Two Sides of the Same Coin: Tiny Electrical Vortexes Bridge Gap Between Ferroelectric and Ferromagnetic Materials
University of Warwick physicists discover presence of a special ferroelectric texture that mirrors the spin crystal phase (checkerboard-like symmetry) in ferromagnets.
Ferromagnetic materials have a permanent magnetic field. Ferroelectric materials do the same with an electric field
Researchers suggest that at small enough scales, the characteristics of the two could be almost identical, although they are caused by very different physics
Both classes of material have uses in electronics, particularly data storage
Ferromagnetic materials have a self-generating magnetic field, ferroelectric materials generate their own electrical field. Although electric and magnetic fields are related, physics tells us that they are very different classes of material. Now the discovery by University of Warwick-led scientists of a complex electrical ‘vortex’-like pattern that mirrors its magnetic counterpart suggests that they could actually be two sides of the same coin.
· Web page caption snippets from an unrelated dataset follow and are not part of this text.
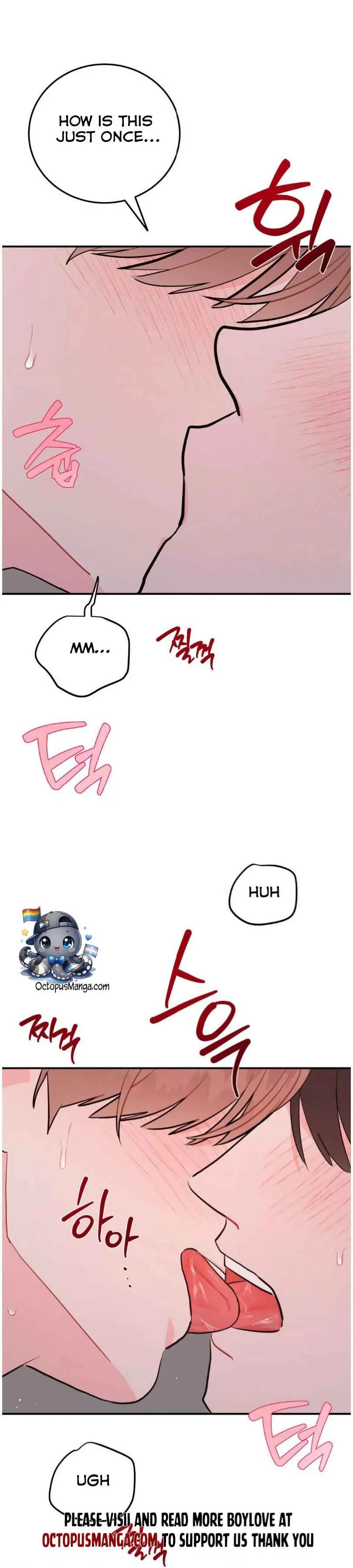 Can’t Think Straight - Chapter 106 Page 6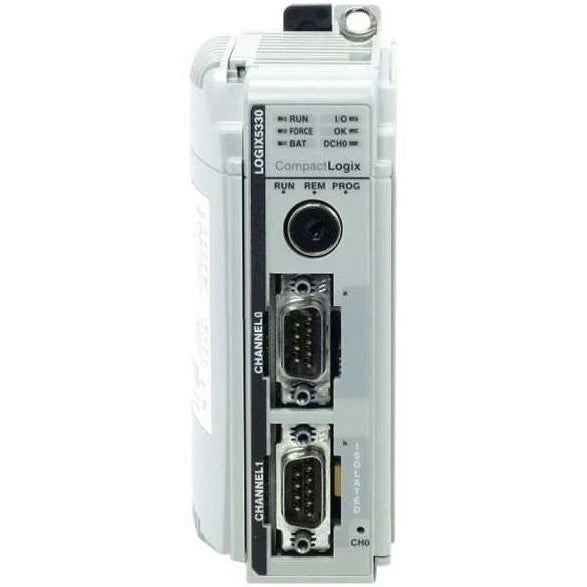 1769-L30 | Allen-Bradley | Dual Serial Port Processor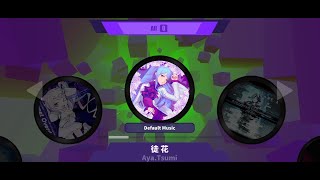Tu Hua - Aya.tsumi Hard Fc Muse Dash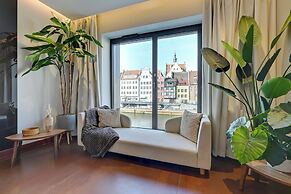 Deo Plaza by Downtown Apartments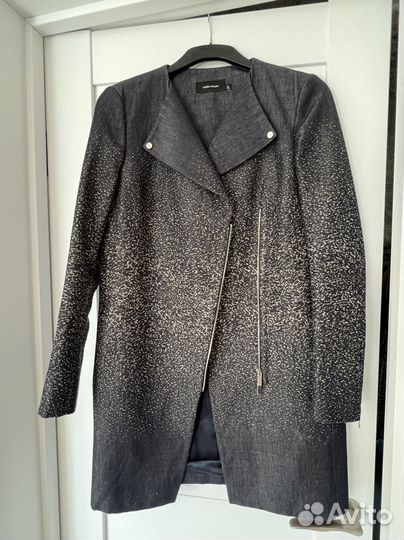 Пальто Тренч Плащ Karen Millen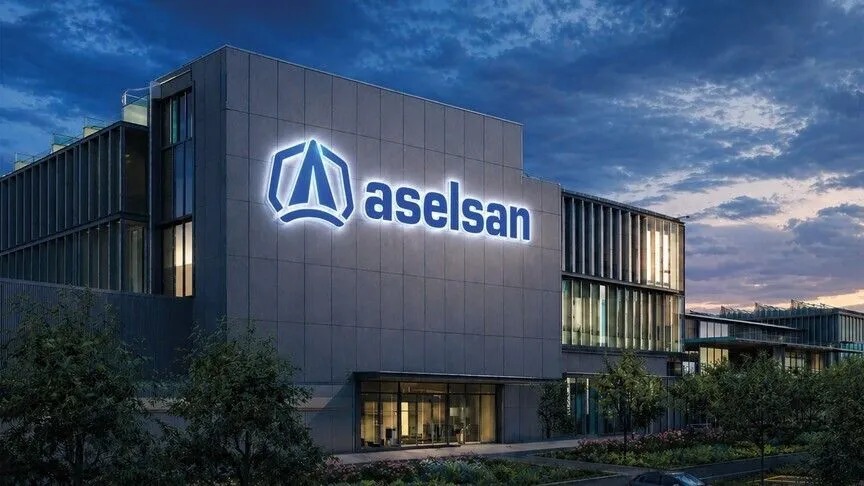 Türkiye's ASELSAN headquarters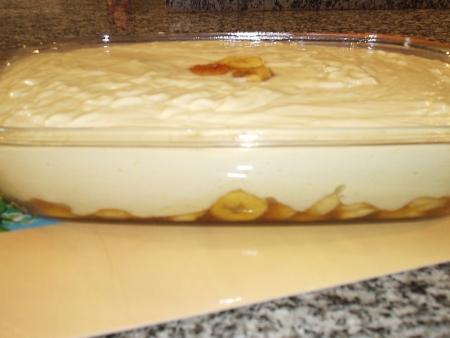 Receita de Geléia de banana delícia, enviada por walfrida - TudoGostoso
Detailed in a new study for the journal Nature, funded by the Engineering and Physical Sciences Research Council (EPSRC), part of UK Research and Innovation, and the Royal Society, the results give the first evidence of a process in ferroelectric materials comparable to the Dzyaloshinskii–Moriya interaction in ferromagnets. This particular interaction plays a pivotal role in stabilizing topological magnetic structures, such as skyrmions, and it might be crucial for potential new electronic technologies exploiting their electrical analogs.